The stock’s slump has mirrored the company’s declining financial performance. In the first half of 2016, Active Power’s revenue has plummeted 45% year over year to just $16.4m. More alarmingly, losses more than tripled to $5.7m, leaving it with only about half as much cash as it had two years ago. While large orders for backup power systems can significantly affect short-term results, the company’s financial performance over the past year shows uninterrupted red ink and a dipping top line.
Active Power says deferred deliveries and delayed orders were cause for the decline. This is just the latest indication that flywheel-based UPS are not yet widely accepted. Despite their smaller footprint and longer lifetime, there is a combination of resistance to change in the datacenter industry, a fear of shorter ride-through times compared with batteries, lower availability in the channel, and the fact that financial prudence is still rather new to datacenter operations. Further, the smaller flywheel-based UPS vendors have been at a competitive disadvantage as they have gone against giant battery UPS sellers such as Schneider Electric and Emerson Network Power.
The difficulties around selling flywheel UPS have already pushed two small companies into what appear to be distressed deals. Pentadyne’s disintegrating sales led the company to divest its manufacturing business in 2010 to Phillips Service Industries, a government contractor that was one of its customers. It was rebranded and now sells as POWERTHRU. Meanwhile, in 2014 Vycon sold to and is now a subsidiary of Calnetix, which makes generators and other power systems in and out of the datacenter.

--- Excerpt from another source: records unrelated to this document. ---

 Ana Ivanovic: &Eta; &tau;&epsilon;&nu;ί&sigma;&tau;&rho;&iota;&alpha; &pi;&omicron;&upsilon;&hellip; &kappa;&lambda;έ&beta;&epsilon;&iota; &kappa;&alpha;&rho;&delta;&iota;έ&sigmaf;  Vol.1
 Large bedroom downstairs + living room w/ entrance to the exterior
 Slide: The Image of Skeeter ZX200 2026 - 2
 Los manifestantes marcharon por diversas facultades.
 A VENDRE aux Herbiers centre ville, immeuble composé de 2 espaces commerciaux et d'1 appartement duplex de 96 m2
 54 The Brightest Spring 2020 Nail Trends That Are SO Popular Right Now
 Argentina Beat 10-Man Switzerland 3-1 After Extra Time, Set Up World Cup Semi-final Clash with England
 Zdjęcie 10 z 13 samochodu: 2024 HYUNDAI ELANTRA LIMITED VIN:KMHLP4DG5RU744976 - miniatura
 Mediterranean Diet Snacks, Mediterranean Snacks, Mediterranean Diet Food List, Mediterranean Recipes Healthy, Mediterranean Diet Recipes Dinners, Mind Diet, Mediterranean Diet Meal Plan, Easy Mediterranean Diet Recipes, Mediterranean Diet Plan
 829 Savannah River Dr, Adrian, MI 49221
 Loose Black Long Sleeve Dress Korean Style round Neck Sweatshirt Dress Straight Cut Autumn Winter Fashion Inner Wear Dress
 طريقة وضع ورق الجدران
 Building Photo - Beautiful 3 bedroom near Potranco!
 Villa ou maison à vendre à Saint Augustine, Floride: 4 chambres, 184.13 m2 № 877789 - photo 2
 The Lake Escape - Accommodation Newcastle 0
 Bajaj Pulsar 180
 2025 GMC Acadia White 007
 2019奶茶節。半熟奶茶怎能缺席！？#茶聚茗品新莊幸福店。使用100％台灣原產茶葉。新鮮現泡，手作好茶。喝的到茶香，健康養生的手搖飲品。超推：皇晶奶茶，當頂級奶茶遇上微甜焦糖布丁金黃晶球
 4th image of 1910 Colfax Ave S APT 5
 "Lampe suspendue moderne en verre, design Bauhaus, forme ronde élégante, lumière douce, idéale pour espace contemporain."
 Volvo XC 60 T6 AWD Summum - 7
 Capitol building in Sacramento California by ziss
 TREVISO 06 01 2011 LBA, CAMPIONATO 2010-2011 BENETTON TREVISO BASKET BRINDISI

As for who might acquire Active Power, we struggle to come up with many buyers. Private equity firms might view the company’s offering as ‘tried and failed’ and it could also be suffering from pitch fatigue as it’s been in the market for about 20 years without a breakthrough. Major industry players such as Schneider Electric’s IT division, Emerson Network Power and Eaton might have even less appetite, as Active Power’s flywheel competes head-on with battery UPS. We see two potential avenues for Active Power to pursue beyond datacenters: generator manufacturers and vendors with a focus on micro-grids.